WASHINGTON (UMNS)-- In commenting upon the Supreme Court's decision permitting the use of public funds to allow Cleveland schoolchildren to attend private and parochial schools, an executive of the United Methodist public action and advocacy agency stressed concern for the children who remain in the public schools.

The Rev. Eliezer Valentin-Castanon of the denomination's Board of Church and Society said the church agency is afraid that the use of vouchers, which was upheld by the court's 5-4 decision on June 27, will drain limited resources from the public schools.

He noted that the church's highest legislative body, the General Conference, has long supported public education as an expression of concern for all people. A resolution on community life and public education first adopted in 1976 and revised in 2000 states: "The continuation of a democratic and pluralistic society in the United States requires a public education system that produces quality education of every student, so that all might contribute to the building of community."

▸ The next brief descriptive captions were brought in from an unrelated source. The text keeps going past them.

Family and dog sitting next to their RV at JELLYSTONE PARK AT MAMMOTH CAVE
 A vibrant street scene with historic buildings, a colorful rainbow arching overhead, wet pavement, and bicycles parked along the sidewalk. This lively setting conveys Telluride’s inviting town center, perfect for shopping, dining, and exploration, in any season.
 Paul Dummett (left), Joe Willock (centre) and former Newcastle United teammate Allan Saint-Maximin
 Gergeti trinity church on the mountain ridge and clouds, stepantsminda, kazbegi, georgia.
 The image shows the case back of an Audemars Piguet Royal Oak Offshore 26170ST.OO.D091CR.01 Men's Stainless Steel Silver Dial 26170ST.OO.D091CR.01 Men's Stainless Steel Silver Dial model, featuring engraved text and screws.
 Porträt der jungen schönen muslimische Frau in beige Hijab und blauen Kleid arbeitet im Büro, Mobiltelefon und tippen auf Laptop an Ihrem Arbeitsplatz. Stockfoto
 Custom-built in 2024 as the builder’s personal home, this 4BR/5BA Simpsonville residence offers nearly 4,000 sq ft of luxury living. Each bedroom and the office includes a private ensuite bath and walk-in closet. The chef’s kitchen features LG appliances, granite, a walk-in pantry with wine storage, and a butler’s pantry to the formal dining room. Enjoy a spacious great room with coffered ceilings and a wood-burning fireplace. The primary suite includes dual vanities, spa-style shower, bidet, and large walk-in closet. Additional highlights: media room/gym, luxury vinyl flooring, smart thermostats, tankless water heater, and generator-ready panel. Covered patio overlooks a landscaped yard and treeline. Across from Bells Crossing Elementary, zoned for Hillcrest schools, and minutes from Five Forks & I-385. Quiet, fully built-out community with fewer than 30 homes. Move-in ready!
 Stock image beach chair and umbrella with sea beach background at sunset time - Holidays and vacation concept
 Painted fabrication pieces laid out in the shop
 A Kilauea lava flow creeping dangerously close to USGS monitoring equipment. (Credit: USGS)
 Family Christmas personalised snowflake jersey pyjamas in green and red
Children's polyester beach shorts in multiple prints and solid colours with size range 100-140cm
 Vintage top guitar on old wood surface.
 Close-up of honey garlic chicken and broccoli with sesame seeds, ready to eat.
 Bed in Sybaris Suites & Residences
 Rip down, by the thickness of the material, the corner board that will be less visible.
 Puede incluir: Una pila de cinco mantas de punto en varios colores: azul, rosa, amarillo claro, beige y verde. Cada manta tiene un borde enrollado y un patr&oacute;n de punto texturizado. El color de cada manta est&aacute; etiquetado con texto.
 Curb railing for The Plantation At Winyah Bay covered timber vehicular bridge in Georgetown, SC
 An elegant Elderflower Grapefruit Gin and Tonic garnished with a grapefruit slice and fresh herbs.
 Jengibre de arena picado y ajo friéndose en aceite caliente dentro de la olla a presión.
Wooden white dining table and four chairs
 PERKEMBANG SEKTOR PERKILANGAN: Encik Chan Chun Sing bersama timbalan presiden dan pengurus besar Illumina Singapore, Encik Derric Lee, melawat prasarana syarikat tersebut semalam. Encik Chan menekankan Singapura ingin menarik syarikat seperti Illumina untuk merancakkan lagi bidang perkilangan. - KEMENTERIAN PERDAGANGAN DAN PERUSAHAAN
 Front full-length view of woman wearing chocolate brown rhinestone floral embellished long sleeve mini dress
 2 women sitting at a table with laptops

Also without mentioning school vouchers, another resolution on public education and the church acknowledges the problems faced by families "trapped in failing urban schools." Without some public support, the possibility of sending their children to private or parochial schools may be closed to them, the resolution notes. It does not suggest one course of action but does caution that "public funds should be used for public purposes."

Using vouchers to place children in non-public schools raises issues of accountability, Valentin-Castanon said. Private and parochial schools are not generally accountable to the same degree as the public systems are with their local school boards and state education systems.

"Private schools decide who they will admit. They can pick and choose. They can pick the best and the brightest," he observed, adding that such schools can refuse the special needs student or the student who is different, racially or ethnically, or for whom English may not be their first language. So inclusivity is another area of concern, he commented.

Separation of church and state is another position the United Methodist Church has supported over the years, he noted, so there are issues related to supporting religious instruction with public dollars.

The church and the larger society will register objections, Valentine-Castanon predicted. This decision of the Supreme Court applies only to the case from Cleveland, but it has implications as a precedent for other states. Already, he noted, Rep. Richard Armey (R-Texas) has proposed a bill to promote use of vouchers in the District of Columbia, in spite of their repeated rejection by Washington voters.